Recent advances in deep learning have led to substantial gains in various fields. With the increase of datasets and model size, it is a common practice to speed up the training workload by using data parallel (DP). However, in our practice with EasyTransfer (a modeling framework designed for NLP developers to implement algorithms with usability and flexibility), DP loses its magic for giant models that cannot fit into single GPU memory. Moreover, for different model architectures, it is nontrivial to find an efficient parallel strategy that can make full use of the resources.
To address the above challenges, we present Whale, a unified distributed training framework that can boost AI training tasks with usability and efficiency. It provides comprehensive parallel strategies including data parallel, model parallel, operator splitting, pipeline, hybrid strategy, and automatic parallel strategy. As far as we know, this is the first work that supports various distributed strategies within one framework. To effectively express different training strategies, a new intermediate representation of models is designed for distributed paradigms and execution cost. The automatic parallel strategy is generated upon using the cost model. The parallelization of execution is built by editing the computational graph, which can be applied to different training frameworks. Whale can easily distribute training tasks by adding a few code lines without changing user model code.

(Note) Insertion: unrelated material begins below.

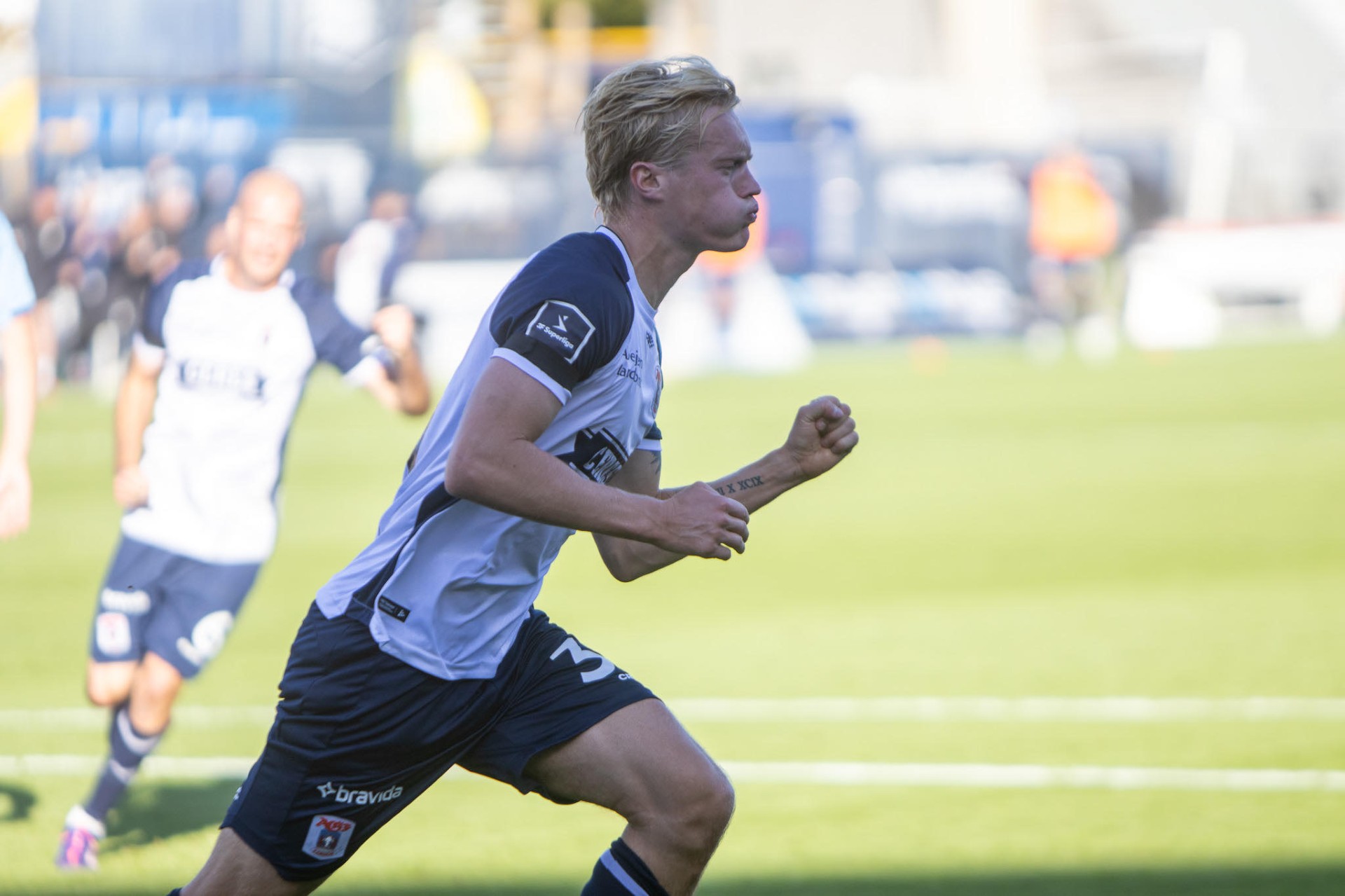 Tobias Bech knytter næven efter scoring på Ceres Park.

In our experiment of BertLarge model that built with EasyTransfer, Whale pipeline strategy attains 57% speedup when compared to Horovod data parallel strategy (HDP) on 64 GPUs. In the large-scale image classification task (100,000 classes), Whale hybrid strategy, which consists of operator splitting and DP, is 14.8 times faster than HDP on 64 GPUs. For models that cannot fit into the GPU device memory, Whale enables the training of T5 and image classification tasks with 100 billions of classes.